DIRECTIONS —
What you return should match every record exactly, with the images removed.
━━━━━━━━━━━━━━━━
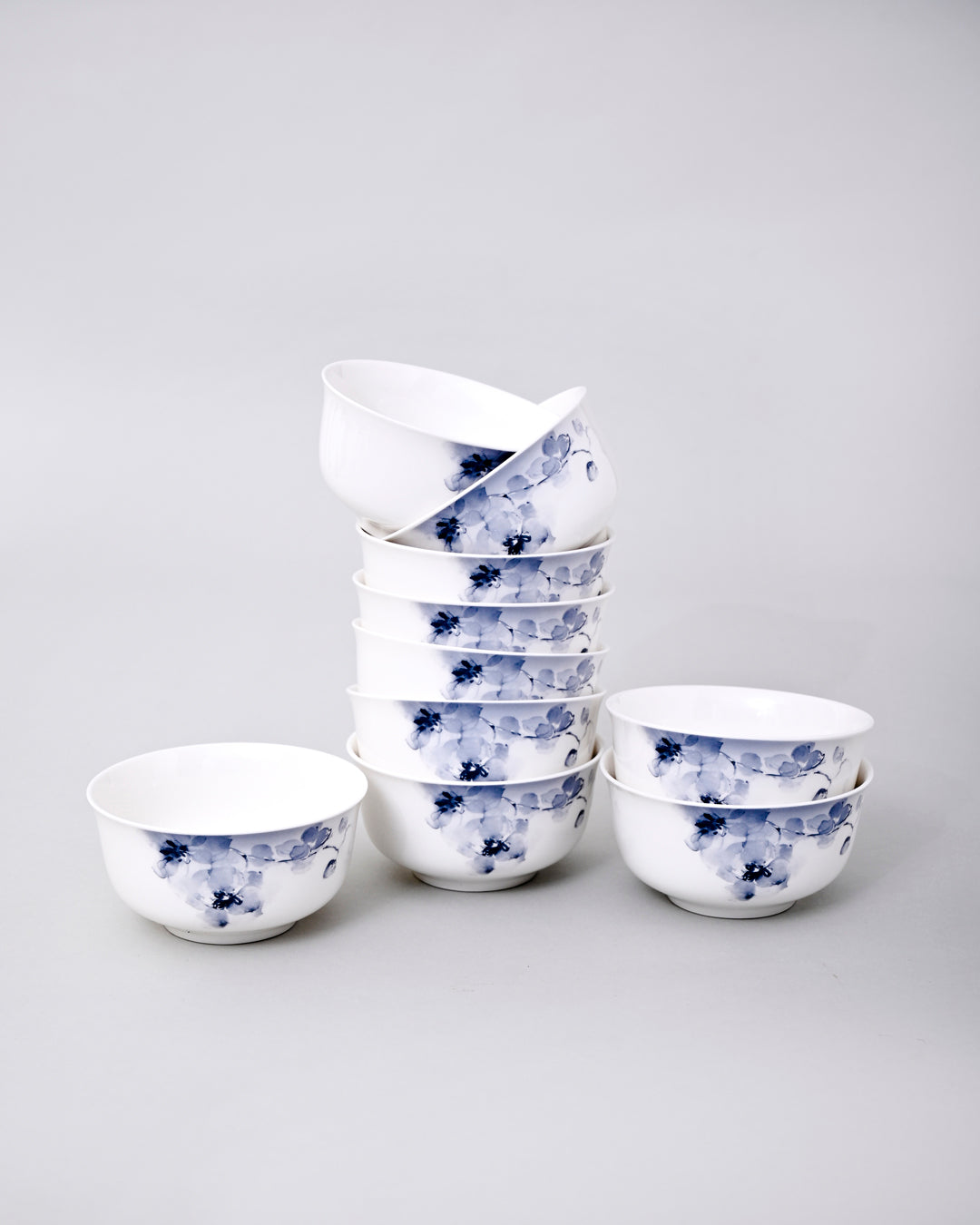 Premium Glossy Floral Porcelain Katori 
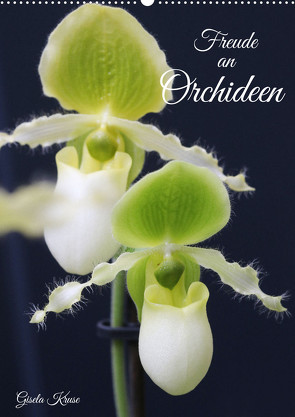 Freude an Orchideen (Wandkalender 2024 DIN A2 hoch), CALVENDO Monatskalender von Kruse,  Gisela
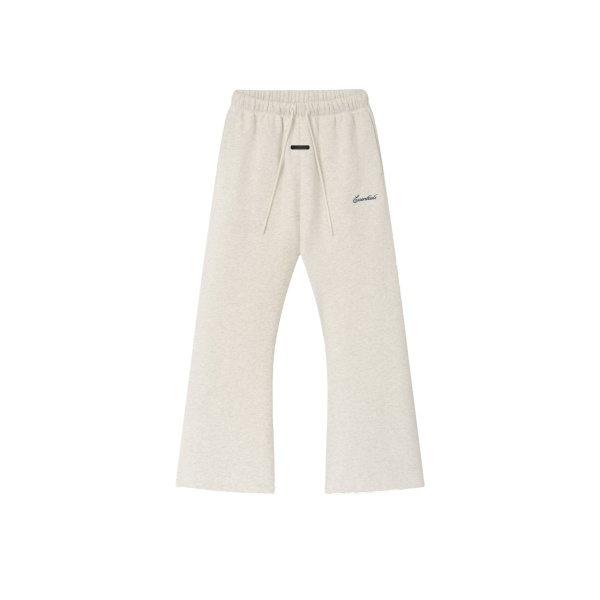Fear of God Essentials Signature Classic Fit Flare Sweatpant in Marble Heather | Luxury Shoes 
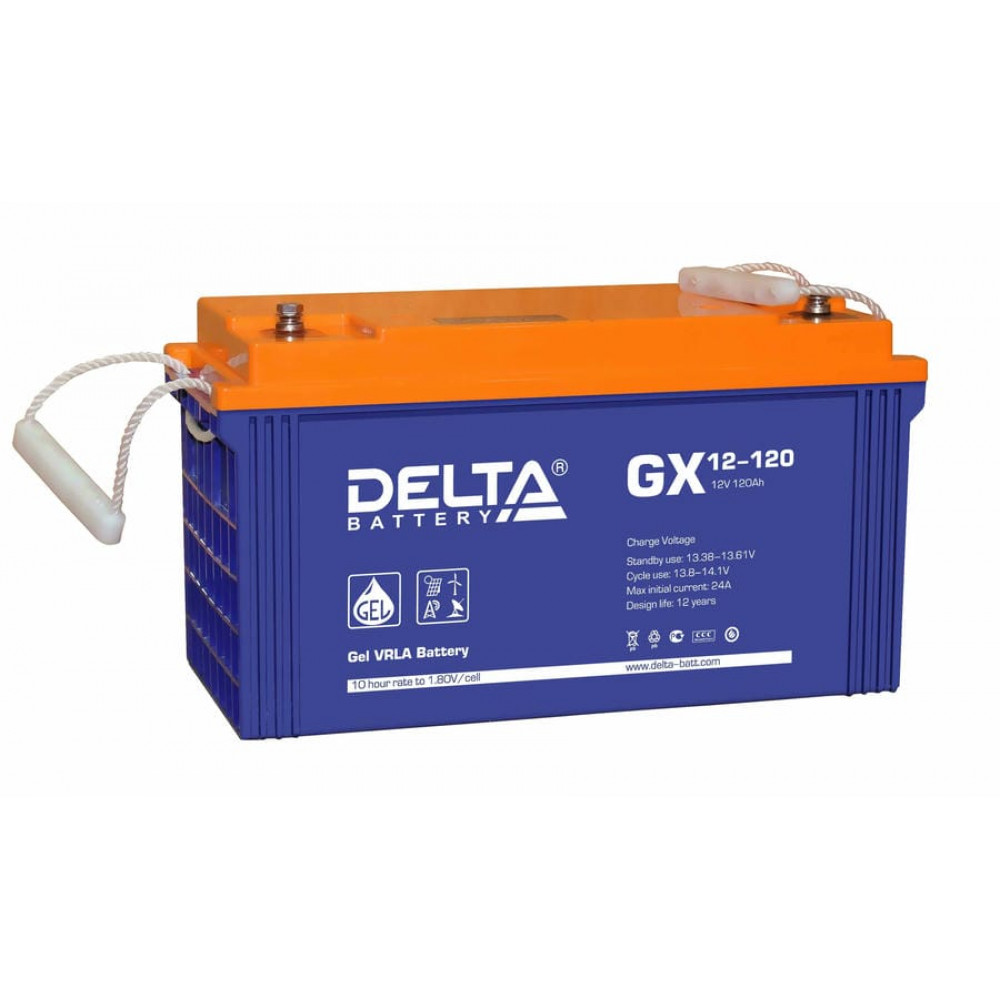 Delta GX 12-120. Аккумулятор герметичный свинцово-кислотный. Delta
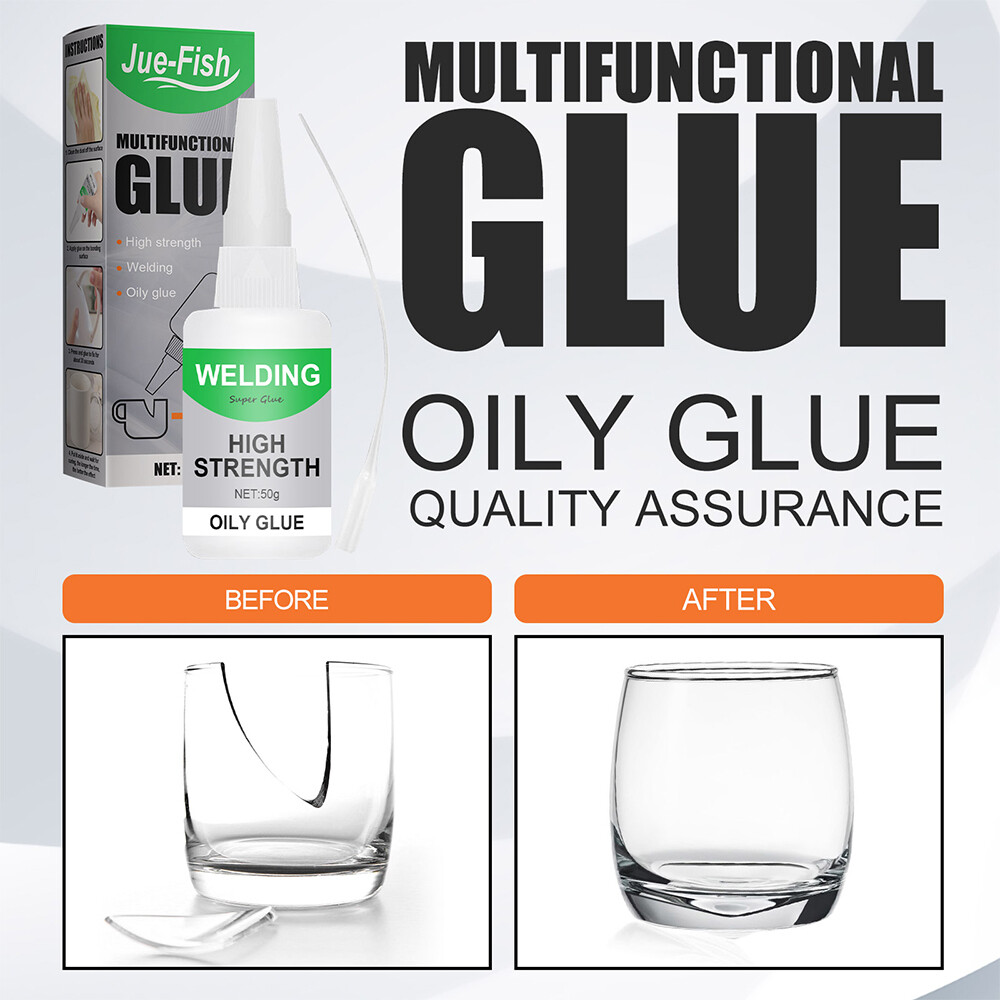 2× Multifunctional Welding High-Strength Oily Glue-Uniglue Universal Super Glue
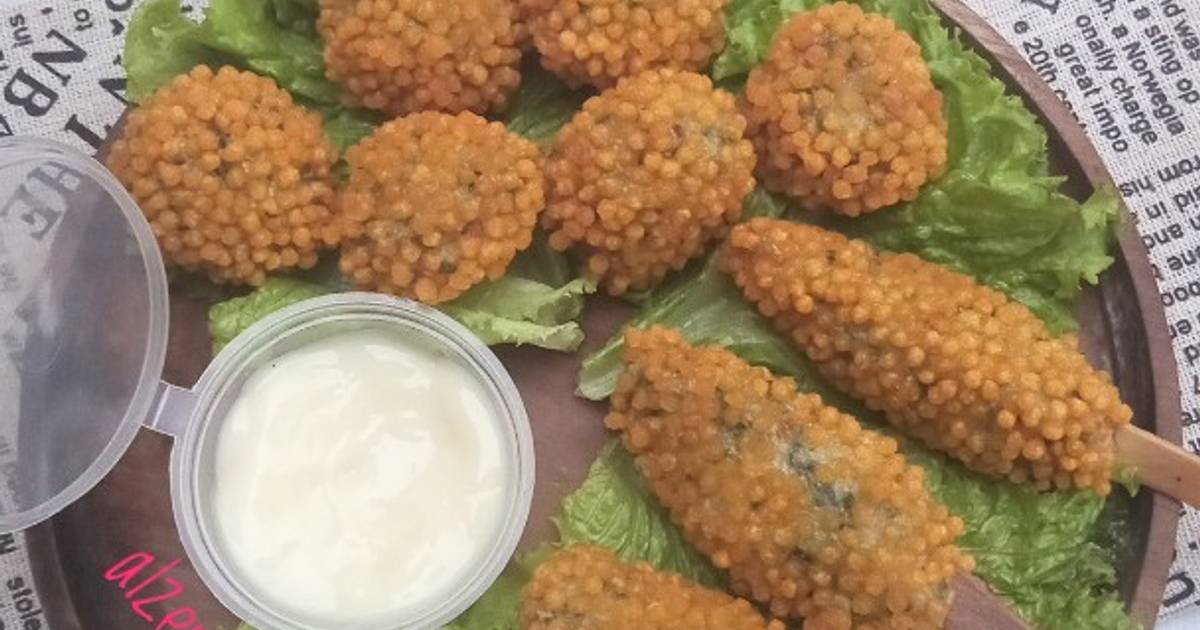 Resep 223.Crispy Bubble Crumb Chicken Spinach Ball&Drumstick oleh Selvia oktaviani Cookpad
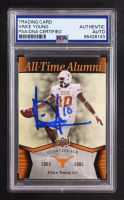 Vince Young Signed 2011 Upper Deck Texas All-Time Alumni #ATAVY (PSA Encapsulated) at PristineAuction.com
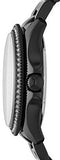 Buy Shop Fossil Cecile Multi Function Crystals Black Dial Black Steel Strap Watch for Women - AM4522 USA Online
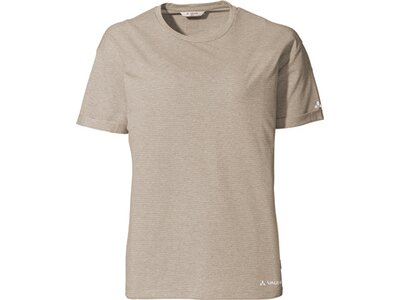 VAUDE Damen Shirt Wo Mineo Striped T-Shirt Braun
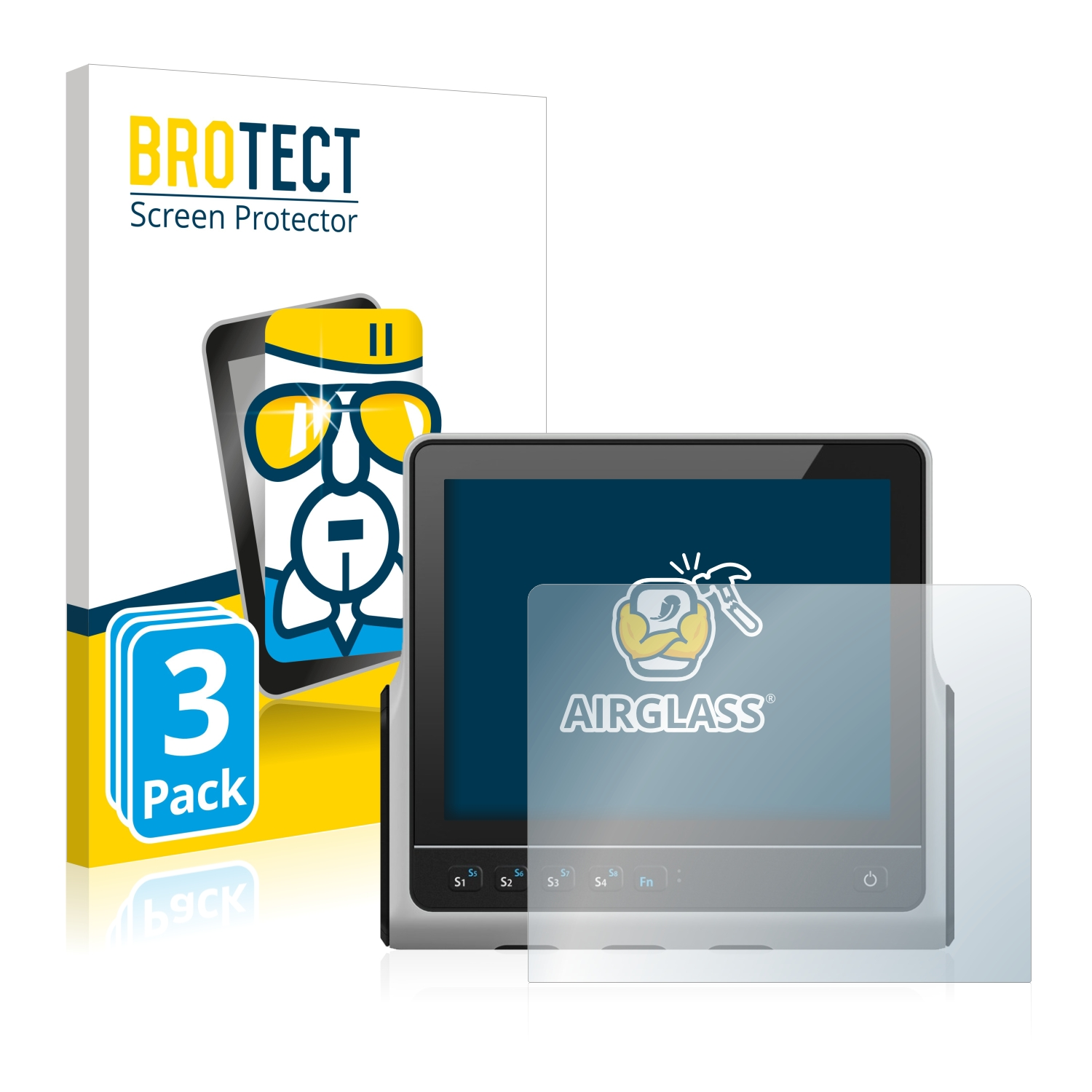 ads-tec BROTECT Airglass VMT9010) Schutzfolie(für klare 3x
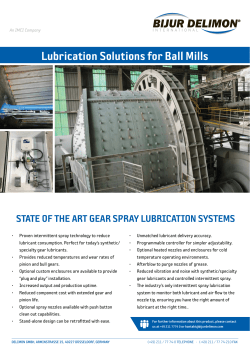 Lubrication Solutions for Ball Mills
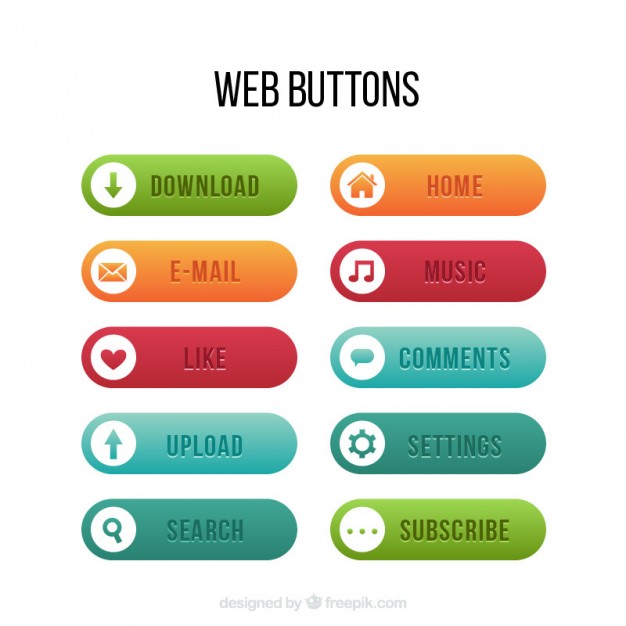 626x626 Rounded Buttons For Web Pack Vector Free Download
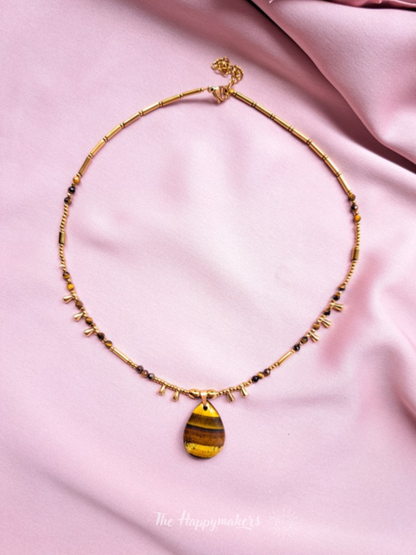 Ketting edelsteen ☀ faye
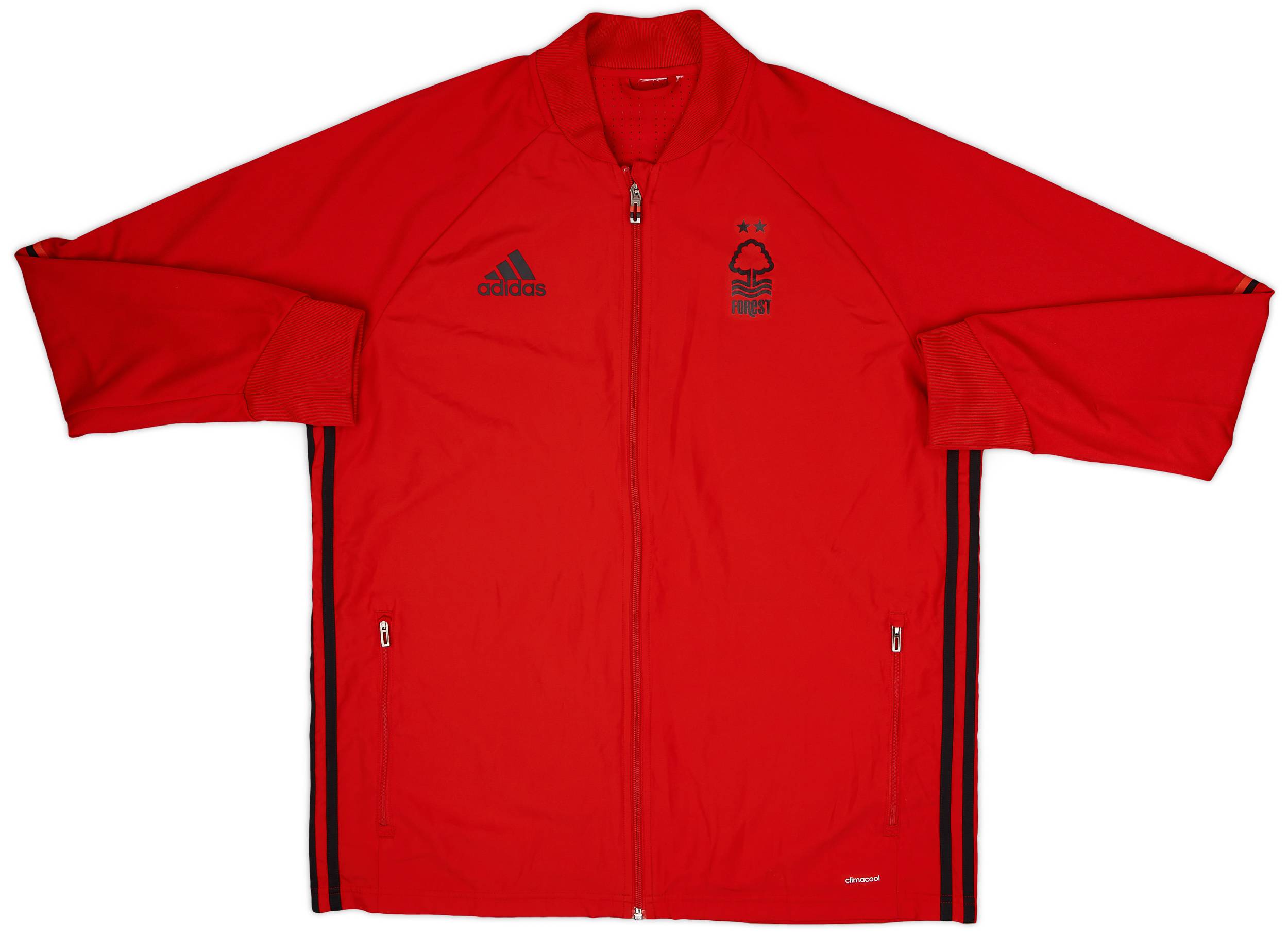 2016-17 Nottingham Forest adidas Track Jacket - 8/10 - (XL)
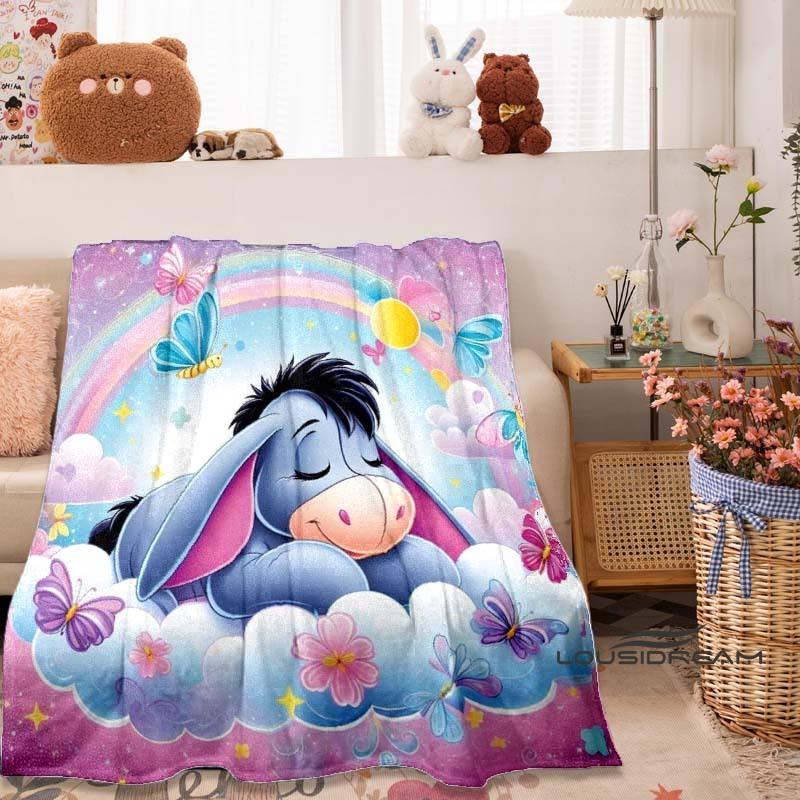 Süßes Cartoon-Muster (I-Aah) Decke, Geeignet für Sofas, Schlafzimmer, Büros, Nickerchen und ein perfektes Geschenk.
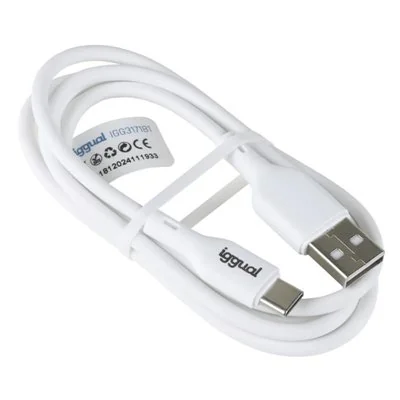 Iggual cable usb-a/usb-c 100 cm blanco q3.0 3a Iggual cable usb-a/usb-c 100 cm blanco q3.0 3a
━━━━━━━━━━━━━━━━
FINISHED TASK —
 Premium Glossy Floral Porcelain Katori 
 Freude an Orchideen (Wandkalender 2024 DIN A2 hoch), CALVENDO Monatskalender von Kruse,  Gisela
Fear of God Essentials Signature Classic Fit Flare Sweatpant in Marble Heather | Luxury Shoes 
 Delta GX 12-120. Аккумулятор герметичный свинцово-кислотный. Delta
 2× Multifunctional Welding High-Strength Oily Glue-Uniglue Universal Super Glue
 Resep 223.Crispy Bubble Crumb Chicken Spinach Ball&Drumstick oleh Selvia oktaviani Cookpad
 Vince Young Signed 2011 Upper Deck Texas All-Time Alumni #ATAVY (PSA Encapsulated) at PristineAuction.com
 Buy Shop Fossil Cecile Multi Function Crystals Black Dial Black Steel Strap Watch for Women - AM4522 USA Online
 VAUDE Damen Shirt Wo Mineo Striped T-Shirt Braun
 ads-tec BROTECT Airglass VMT9010) Schutzfolie(für klare 3x
 Lubrication Solutions for Ball Mills
 626x626 Rounded Buttons For Web Pack Vector Free Download
 Ketting edelsteen ☀ faye
 2016-17 Nottingham Forest adidas Track Jacket - 8/10 - (XL)
 Süßes Cartoon-Muster (I-Aah) Decke, Geeignet für Sofas, Schlafzimmer, Büros, Nickerchen und ein perfektes Geschenk.
 Iggual cable usb-a/usb-c 100 cm blanco q3.0 3a Iggual cable usb-a/usb-c 100 cm blanco q3.0 3a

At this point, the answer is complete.